Den Bürger Jourdain, der
mehr scheinen will, als er ist, gab Cornelius Obonya in der Tradition seinen
Großvaters Attila Hörbiger als Nestroy-Kasperl. Englischsprechende Besucher
fanden das in der Pause „charming” – der Besucher aus München hätte sich
etwas weniger Komödienstadel gewünscht. Und etwas mehr musikalische
Delikatesse: „Der Bürger als Edelmann”, als Orchestersuite bekannt, gehört
zu den schönsten Werken von Strauss. Vorausgesetzt, man musiziert locker und
lebhaft – Dirigent Daniel Harding und die Wiener Philharmoniker waren an
diesem Abend weit davon entfernt.
Für die anschließende Oper
hatte Bühnenbildner Rolf Glittenberg den vor der Pause noch intakten
Konzertflügel zertrümmert und dessen Einzelteile als Spielfläche aufgetürmt.

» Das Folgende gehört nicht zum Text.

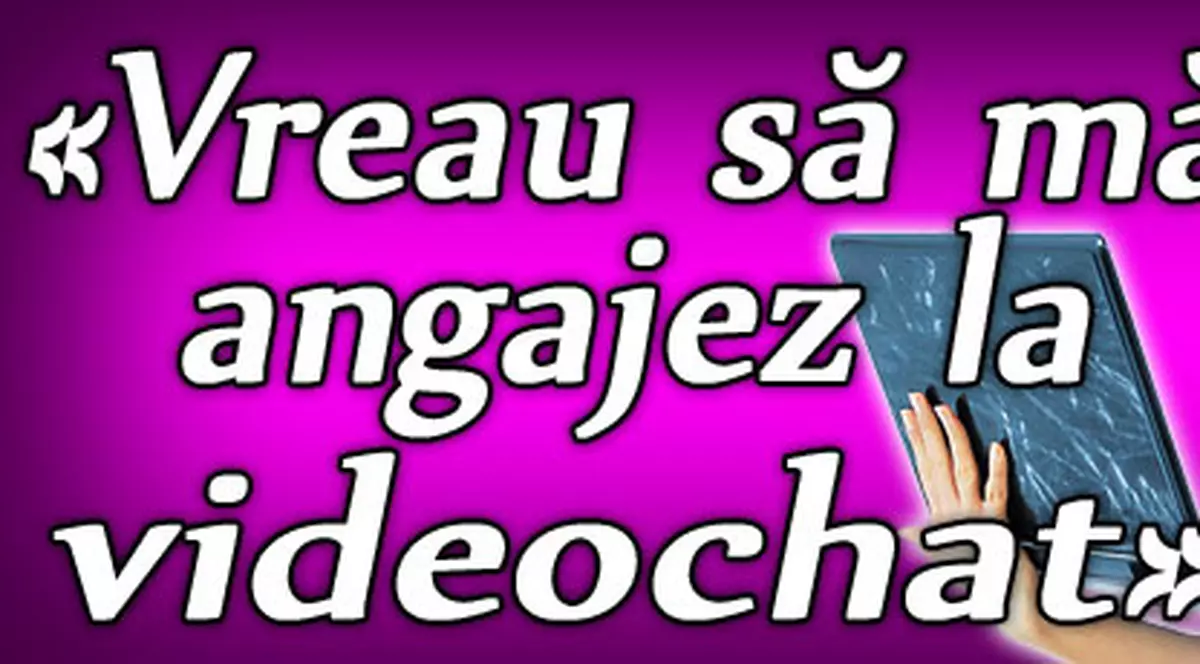 «Vreau să mă angajez la videochat»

Öde Inseln sehen anders aus. Aber wen bekümmert das, wenn Jonas Kaufmann
darauf herumturnt und als Bacchus grandios und lautstark in den höchsten
Tönen jubelt. Emily Magee als Ariadne musste es sich gefallen
lassen, dass der Bürger Jourdain, der auch hier ständig präsent sein musste,
ihren ersten Monolog mit den Worten unterbrach: „Ich wünschte, es käme bald
was Kurzweiligeres.”
Spätestens zu diesem Zeitpunkt war das
Erscheinen Zerbinettas überfällig. Elena Mosuc trällerte deren Koloraturen
herzallerliebst, wenn auch ohne Raffinement. Immerhin: Man hörte die
Erstfassung der Arie „Großmächtige Prinzessin”, die einen ganzen Ton höher
liegt und erheblich ausgiebigere Trapezkünste verlangt als die gebräuchliche
letzte Version. Insgesamt enthält die Ur-„Ariadne” etwa 500 Takte mehr Musik
– auf die man aber auch verzichten kann.
Obwohl sich Dirigent Daniel
Harding steigerte und geradezu aufopferungsvoll bemühte, das Orchester zu
zügeln, ließen die Wiener Philharmoniker während der fast vierstündigen
Aufführung jenen transparenten, leichten „Ariadne”-Tonfall vermissen, der
ihnen eigentlich keine Probleme bereiten sollte.
Ach, ja: Im ersten
Teil durften einige Hofmannsthal- Figuren aus anderen Stücken auftreten:
Marschallin, Octavian, Elektra – und ein zur Unkenntlichkeit verkleideter
Jedermann. Es war Österreichs Schauspiel-Idol Peter Simonischek. Nachdem er
sich zu erkennen gegeben hatte, winkte er kurz ins Publikum und verschwand
unter großem Hallo: Bechtolfs Ur-„Ariadne” ist eine Mischung aus Klamauk und
bemühtem Ernst. Die Endfassung bleibt nach wie vor erste Wahl.